## Problem to solve
From the first line of the listing below through the line with "Zęby palacza –", transcribe exactly and skip the pictures.

## Working data
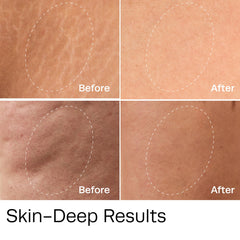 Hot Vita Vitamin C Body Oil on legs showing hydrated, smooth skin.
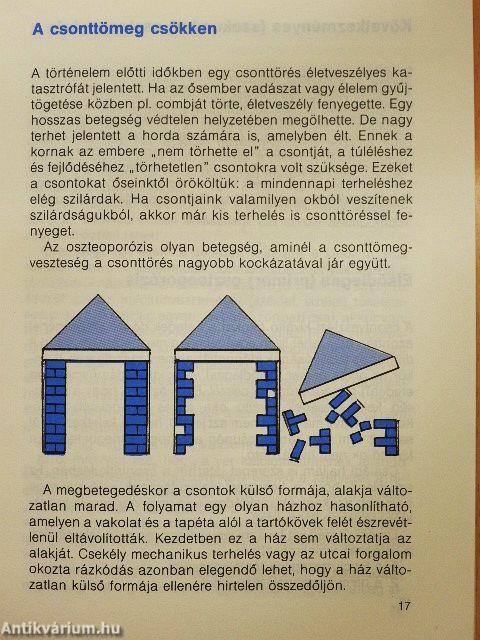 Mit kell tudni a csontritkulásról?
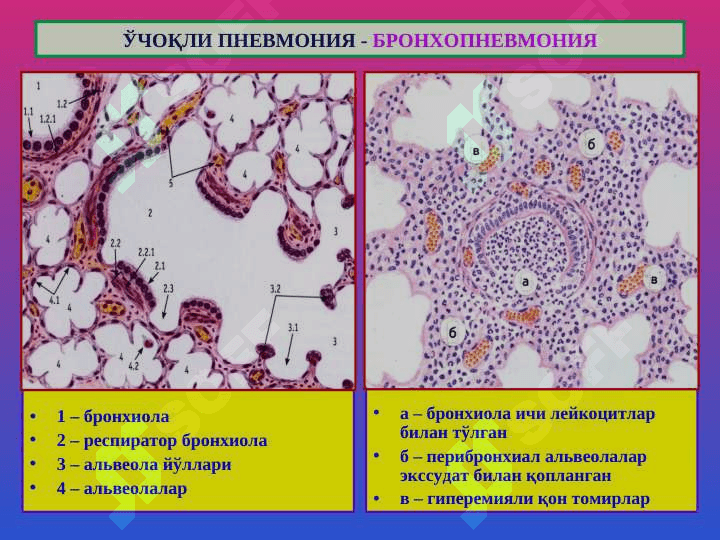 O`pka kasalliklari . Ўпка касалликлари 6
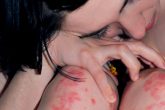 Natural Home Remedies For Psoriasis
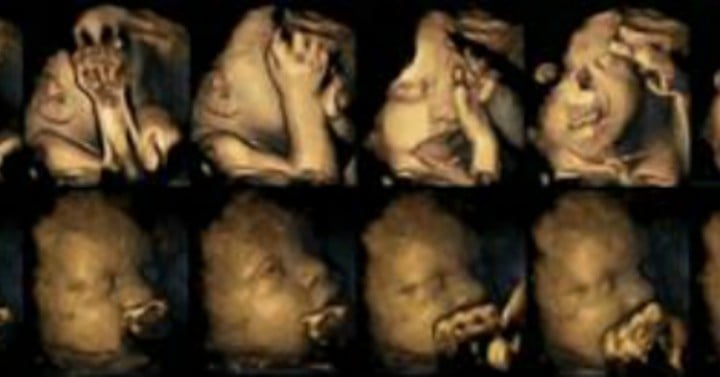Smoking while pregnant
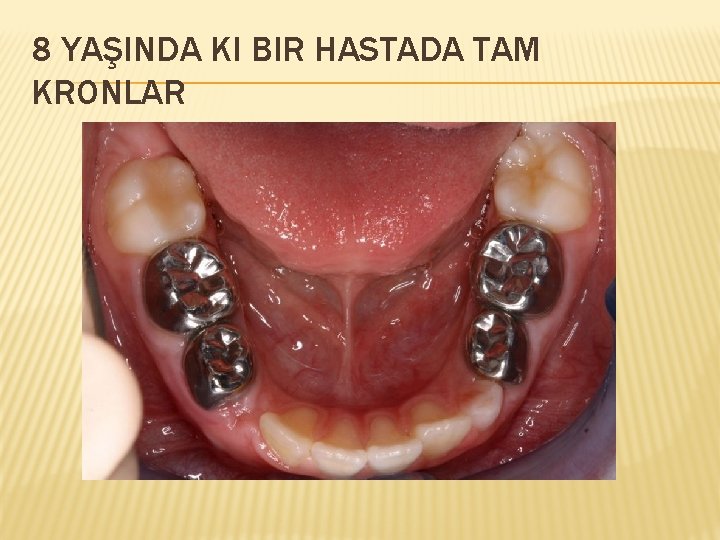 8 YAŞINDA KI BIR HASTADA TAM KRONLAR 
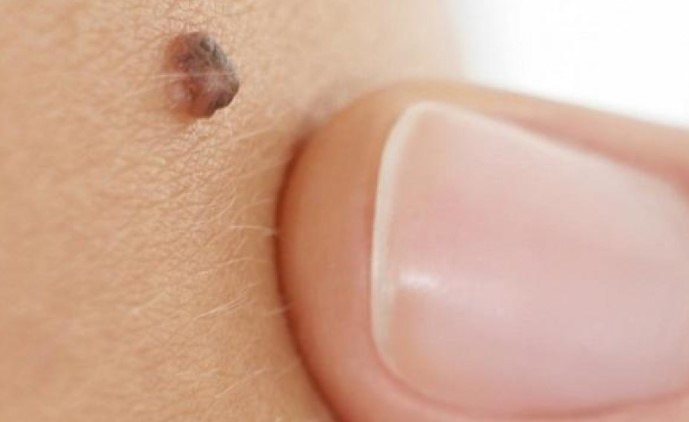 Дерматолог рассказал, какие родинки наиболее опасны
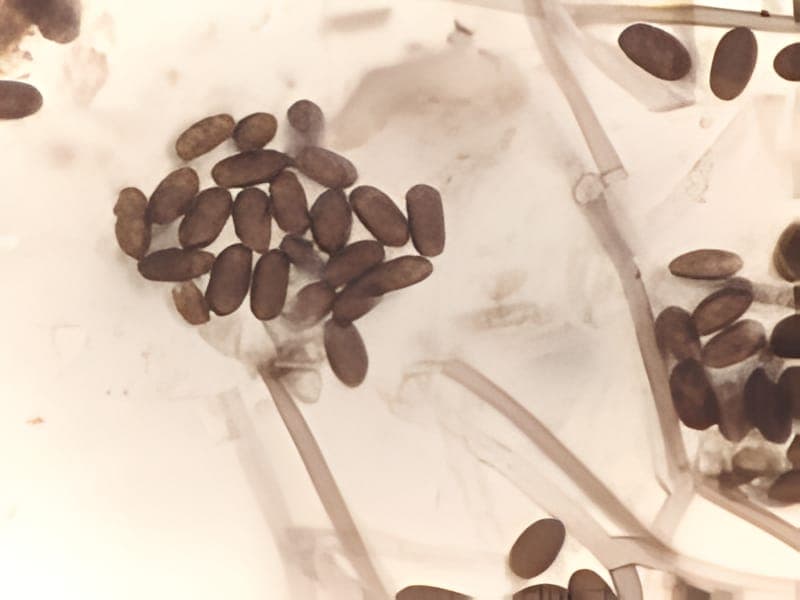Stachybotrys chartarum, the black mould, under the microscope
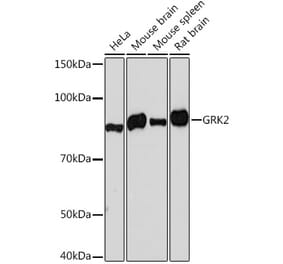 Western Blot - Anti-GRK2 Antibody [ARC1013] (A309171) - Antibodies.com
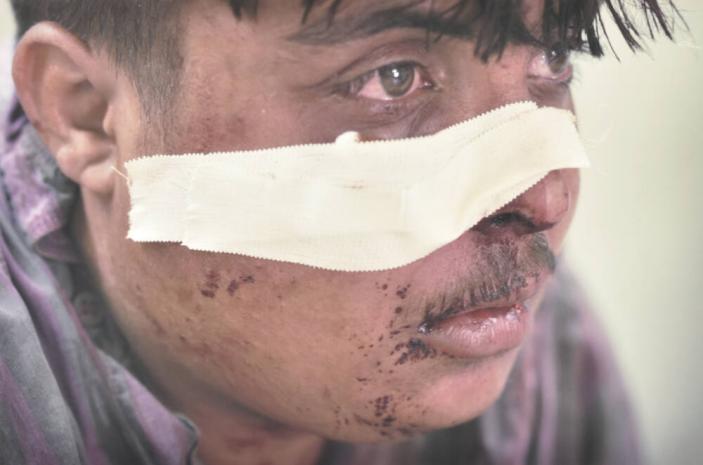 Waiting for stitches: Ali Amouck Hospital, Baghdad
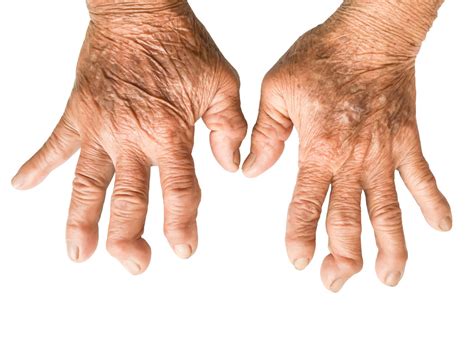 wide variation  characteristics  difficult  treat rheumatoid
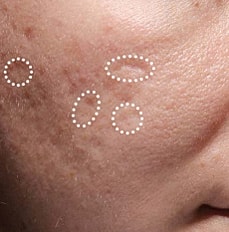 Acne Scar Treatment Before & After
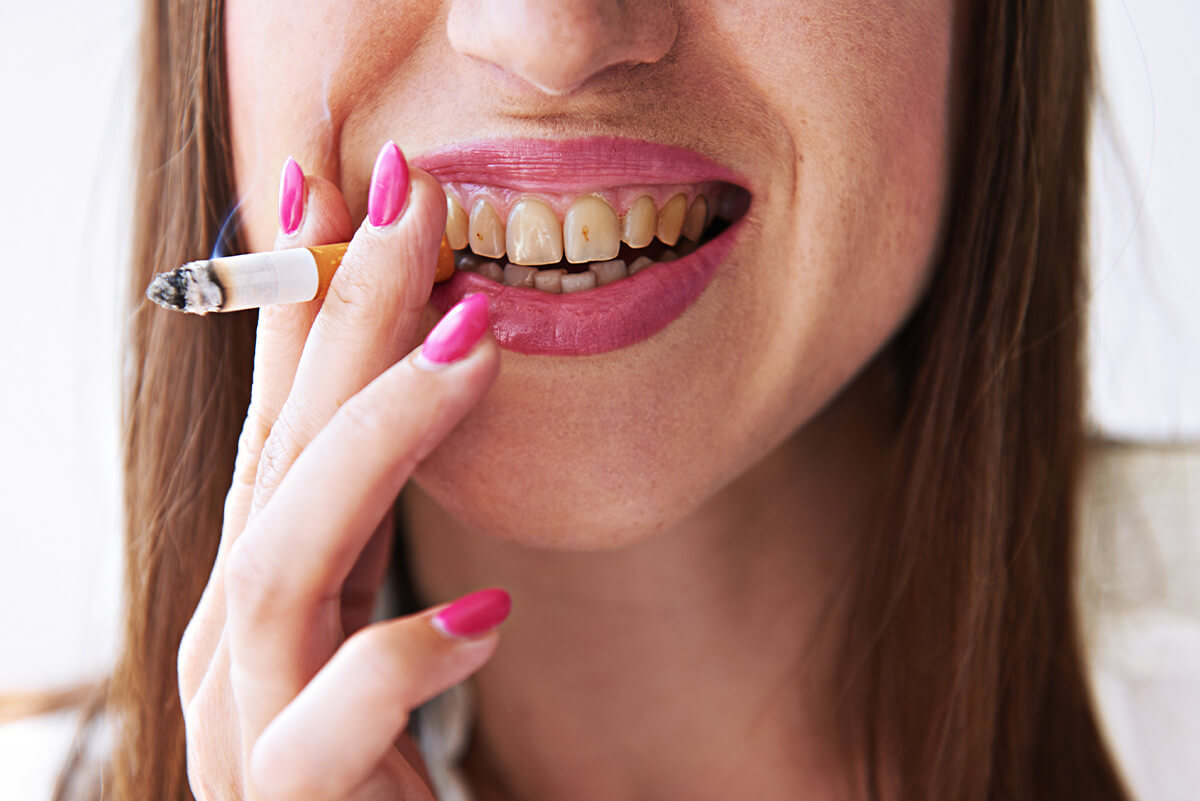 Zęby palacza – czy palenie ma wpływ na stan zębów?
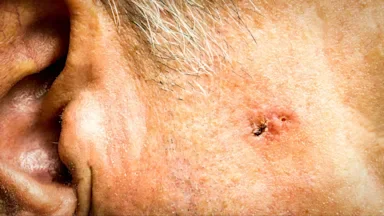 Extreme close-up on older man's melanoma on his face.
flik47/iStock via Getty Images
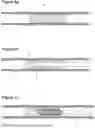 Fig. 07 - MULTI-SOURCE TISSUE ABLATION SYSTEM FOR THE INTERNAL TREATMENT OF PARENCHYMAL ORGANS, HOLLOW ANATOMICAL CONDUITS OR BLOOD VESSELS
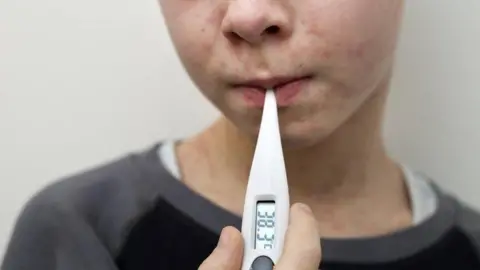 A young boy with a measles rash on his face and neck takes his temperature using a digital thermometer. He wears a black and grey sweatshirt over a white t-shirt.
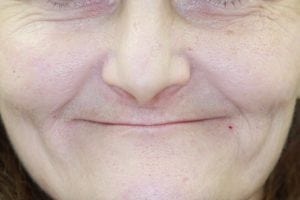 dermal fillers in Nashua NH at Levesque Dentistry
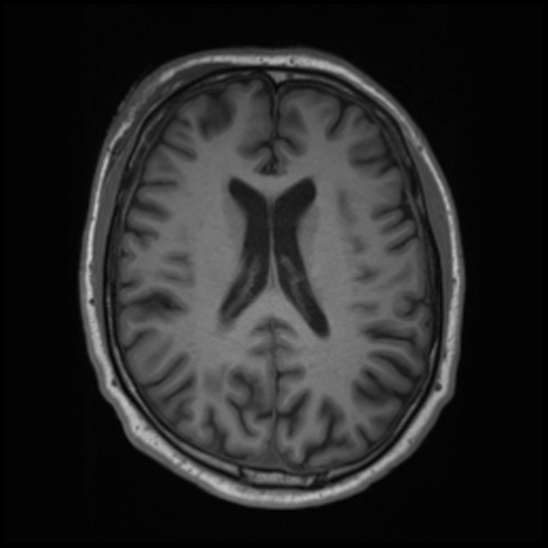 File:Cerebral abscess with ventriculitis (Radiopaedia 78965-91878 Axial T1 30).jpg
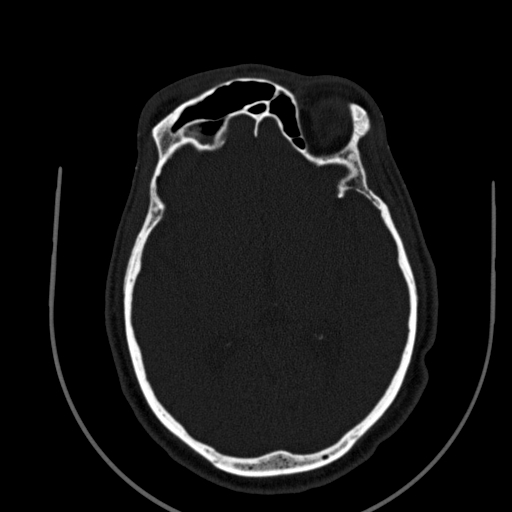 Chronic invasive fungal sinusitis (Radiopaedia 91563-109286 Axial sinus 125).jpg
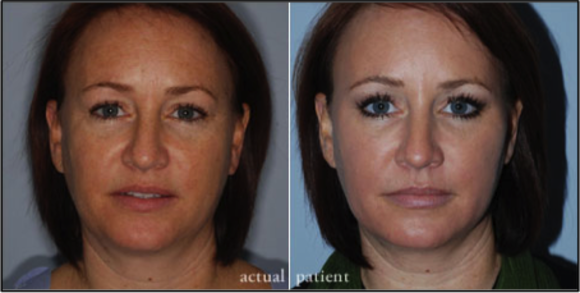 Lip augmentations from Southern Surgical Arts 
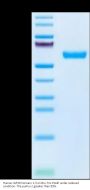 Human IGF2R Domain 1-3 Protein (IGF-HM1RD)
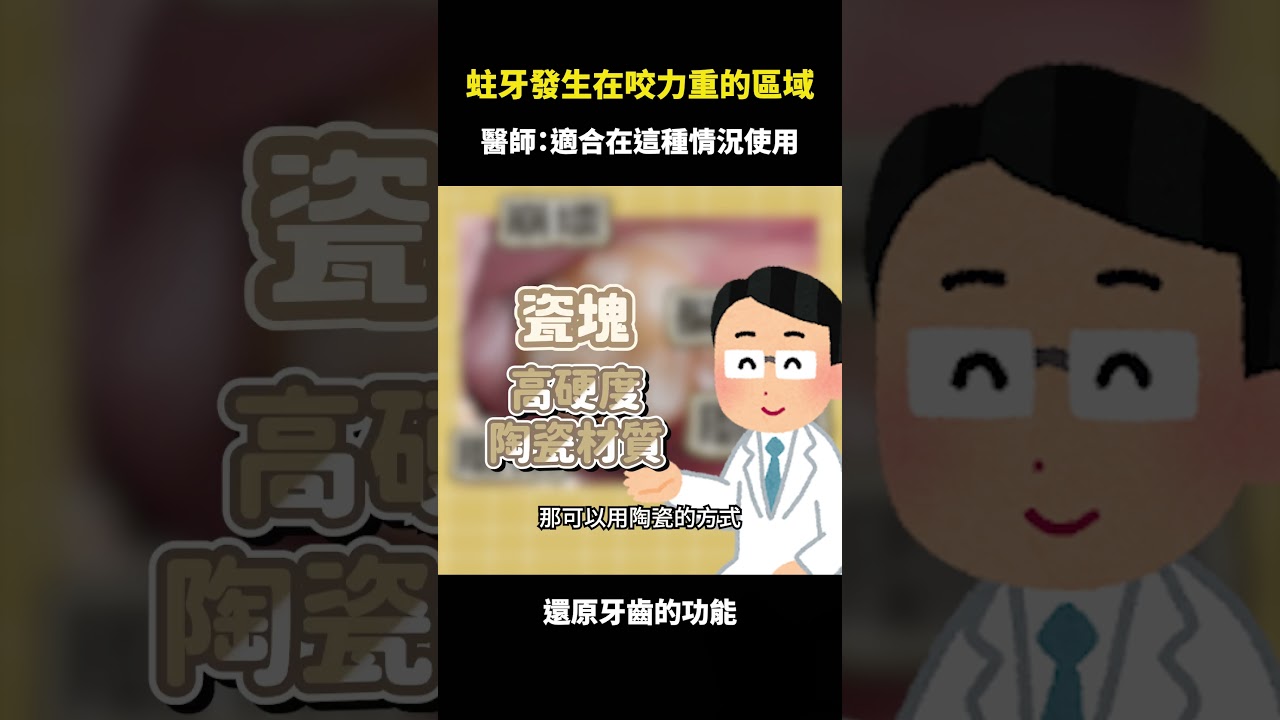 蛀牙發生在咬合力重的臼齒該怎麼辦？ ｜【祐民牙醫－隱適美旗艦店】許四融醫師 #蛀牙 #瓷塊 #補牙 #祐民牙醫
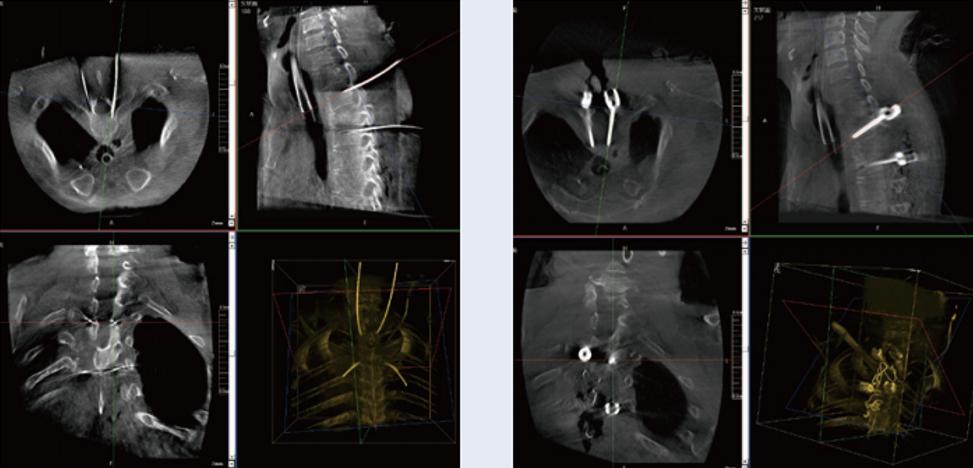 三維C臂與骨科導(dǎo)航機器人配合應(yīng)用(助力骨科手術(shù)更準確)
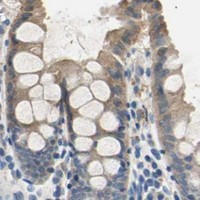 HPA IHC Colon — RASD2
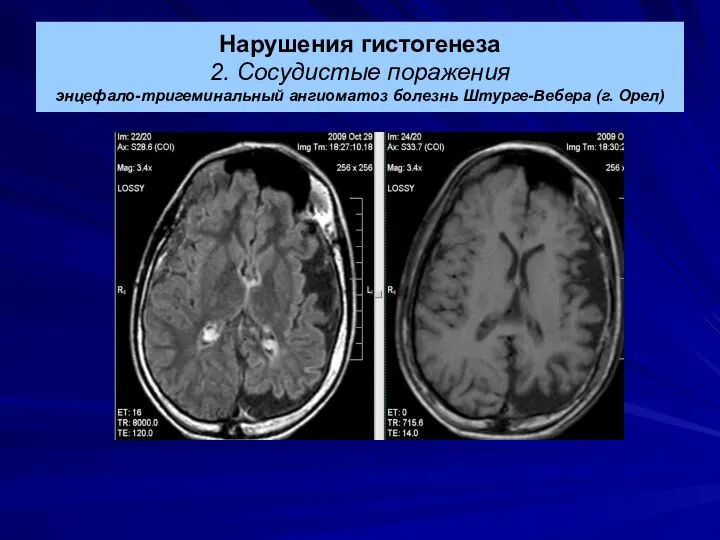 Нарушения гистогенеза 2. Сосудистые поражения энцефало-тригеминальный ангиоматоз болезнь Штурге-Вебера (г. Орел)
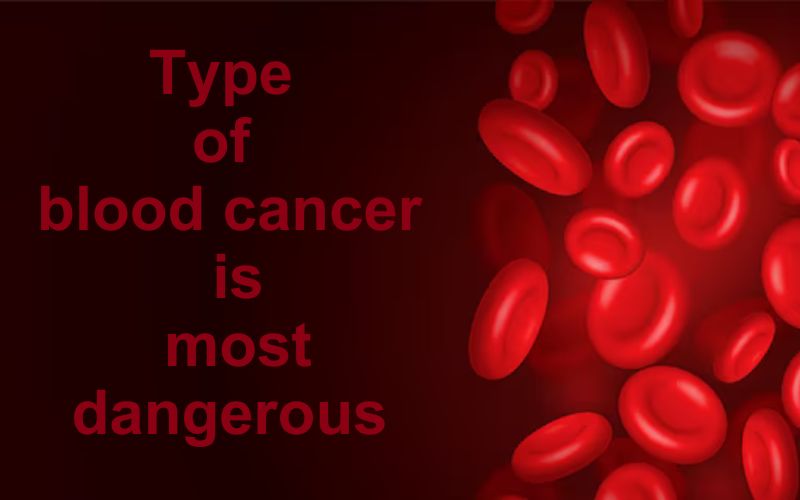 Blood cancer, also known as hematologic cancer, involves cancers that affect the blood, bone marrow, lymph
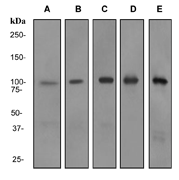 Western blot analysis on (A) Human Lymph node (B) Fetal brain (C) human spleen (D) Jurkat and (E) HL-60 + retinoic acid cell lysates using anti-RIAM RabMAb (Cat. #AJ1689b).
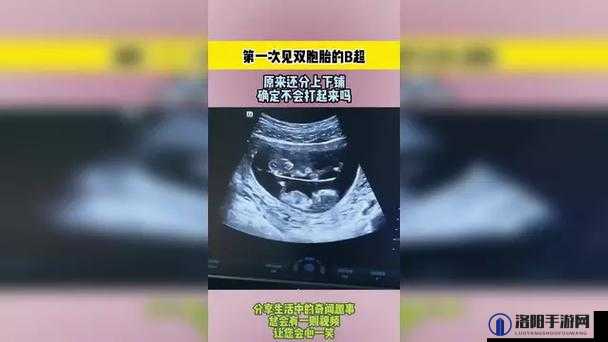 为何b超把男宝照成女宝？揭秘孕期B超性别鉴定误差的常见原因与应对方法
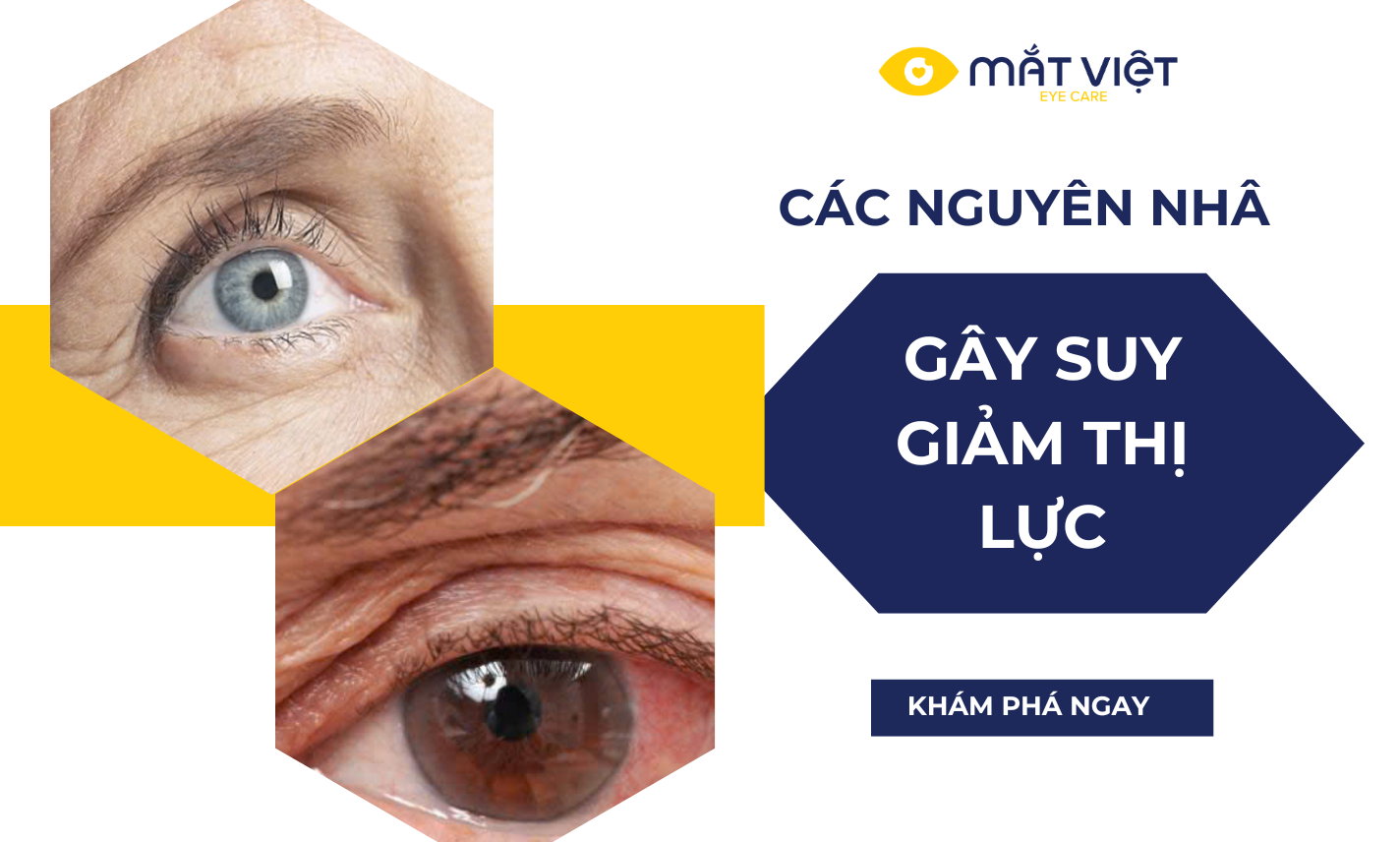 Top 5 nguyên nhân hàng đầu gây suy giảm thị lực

## Worked solution
 Hot Vita Vitamin C Body Oil on legs showing hydrated, smooth skin.
 Mit kell tudni a csontritkulásról?
 O`pka kasalliklari . Ўпка касалликлари 6
 Natural Home Remedies For Psoriasis
Smoking while pregnant
 8 YAŞINDA KI BIR HASTADA TAM KRONLAR 
 Дерматолог рассказал, какие родинки наиболее опасны
Stachybotrys chartarum, the black mould, under the microscope
 Western Blot - Anti-GRK2 Antibody [ARC1013] (A309171) - Antibodies.com
 Waiting for stitches: Ali Amouck Hospital, Baghdad
 wide variation  characteristics  difficult  treat rheumatoid
 Acne Scar Treatment Before & After
 Zęby palacza – czy palenie ma wpływ na stan zębów?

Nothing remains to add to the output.